#### BRIEF
Task for the records below: please retype exactly and only the lines from the first through the one with "Nurse at car window swabbing for covid-19", with every picture omitted.
*** DATA RECORDS Section Begins ***
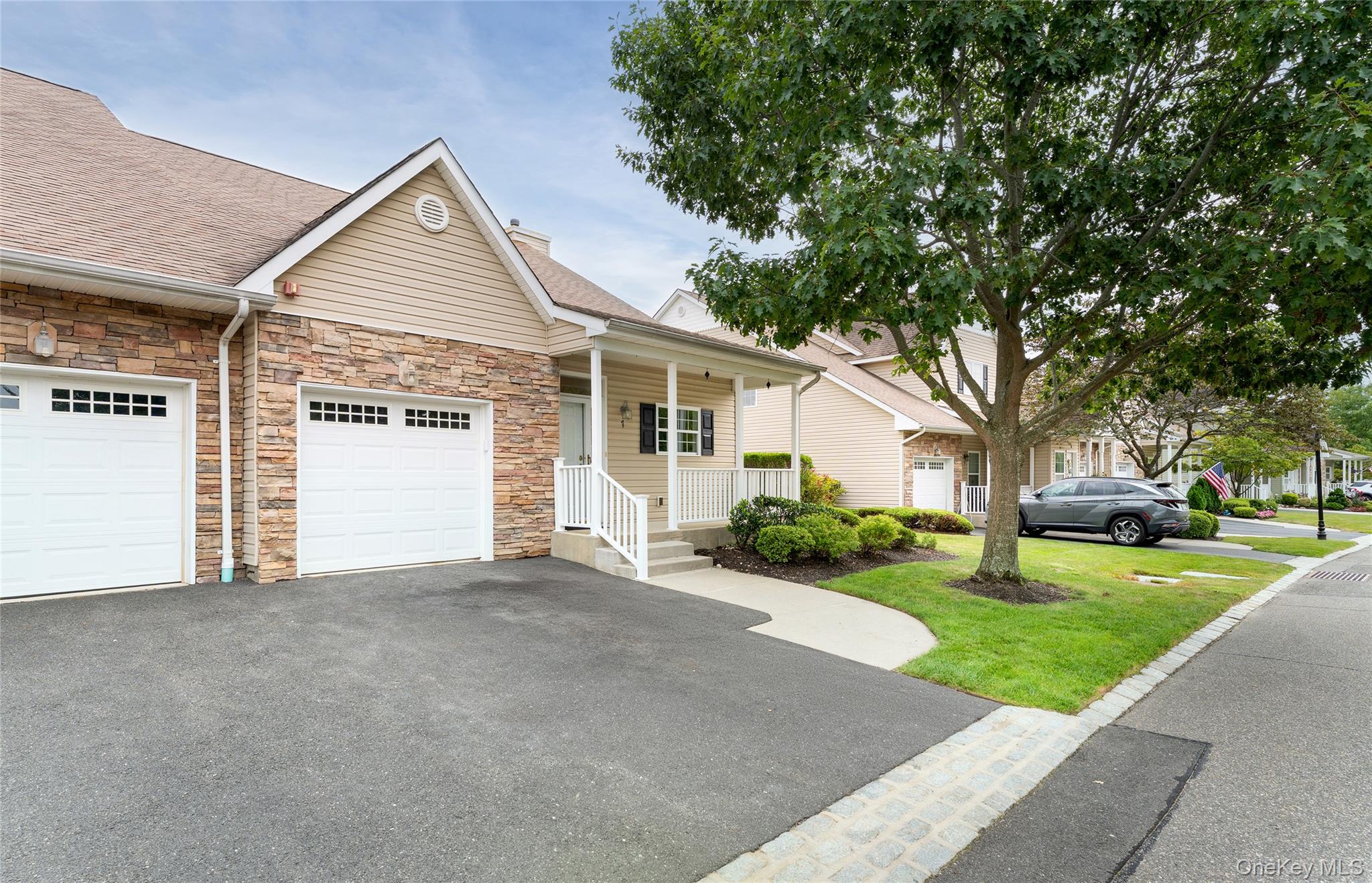 Welcome to Plymouth Estates a Gated 24Hr Community offering a range of Amenities. This is the "Ashby" Model Ranch Style End Unit with no one above in a great location close to the Clubhouse and Pool. This model features an Open Concept Design with Cathedral Ceilings, Gas Fireplace, Freshly Painted and New Carpeting. The Bright Kitchen features Stainless Steel Appliances, Granite countertops and Rich Cherry Cabinets opening seamlessly to the living and dining areas. The Primary Bedroom is a Private retreat complete with dramatic ceilings a walk-in-closet and your own en-suite bath complete with a walk-in shower. Step outside to your Private Patio the perfect spot for BBQ, morning coffee or simply relaxing. On the Lower Level is a 1294sq ft Basement that is partly finished  complete with a Bath. Amenities include a Clubhouse, Heated Pool, Tennis, Pickleball, Shuffleboard, Bocce, Putting Green plus included in your maintenance is Cable, Internet, Snow Removal, Landscaping and Grounds Care. Don't miss this Opportunity to enjoy living in one of Mount Sinai's most sought after communities!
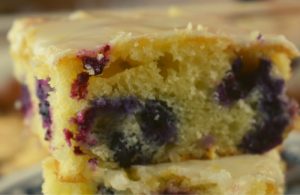 Lemon Glazed Blueberry Cake is a simple Cake Mix Blueberry Cake recipe.  The result is a super moist cake packed with flavor, perfect for breakfast of dessert.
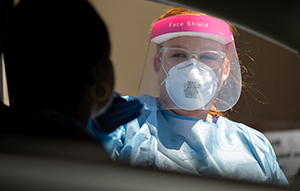 Nurse at car window swabbing for covid-19
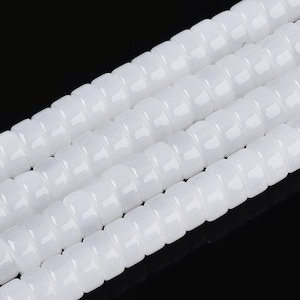 May include: Close-up of several strands of white, square-shaped beads. The beads are strung together, creating a textured, ribbed appearance. The beads have a glossy finish and reflect light, creating highlights. The background is black.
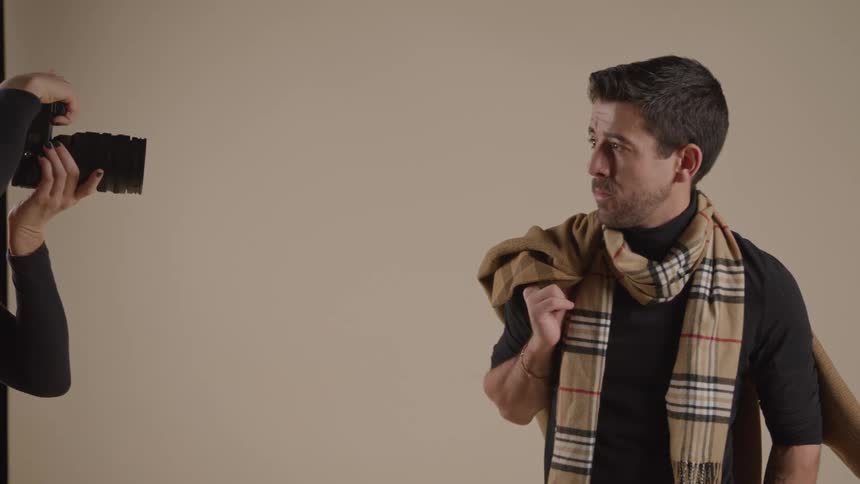 A male model wearing a black t shirt a plaid scarf poses putting a brown coat over his shoulder while a female photographer wearing a fedora shoots picture of him in front of a white background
*** DATA RECORDS Section Ends ***
#### RESULT OF THE EXERCISE
 Welcome to Plymouth Estates a Gated 24Hr Community offering a range of Amenities. This is the "Ashby" Model Ranch Style End Unit with no one above in a great location close to the Clubhouse and Pool. This model features an Open Concept Design with Cathedral Ceilings, Gas Fireplace, Freshly Painted and New Carpeting. The Bright Kitchen features Stainless Steel Appliances, Granite countertops and Rich Cherry Cabinets opening seamlessly to the living and dining areas. The Primary Bedroom is a Private retreat complete with dramatic ceilings a walk-in-closet and your own en-suite bath complete with a walk-in shower. Step outside to your Private Patio the perfect spot for BBQ, morning coffee or simply relaxing. On the Lower Level is a 1294sq ft Basement that is partly finished  complete with a Bath. Amenities include a Clubhouse, Heated Pool, Tennis, Pickleball, Shuffleboard, Bocce, Putting Green plus included in your maintenance is Cable, Internet, Snow Removal, Landscaping and Grounds Care. Don't miss this Opportunity to enjoy living in one of Mount Sinai's most sought after communities!
 Lemon Glazed Blueberry Cake is a simple Cake Mix Blueberry Cake recipe.  The result is a super moist cake packed with flavor, perfect for breakfast of dessert.
 Nurse at car window swabbing for covid-19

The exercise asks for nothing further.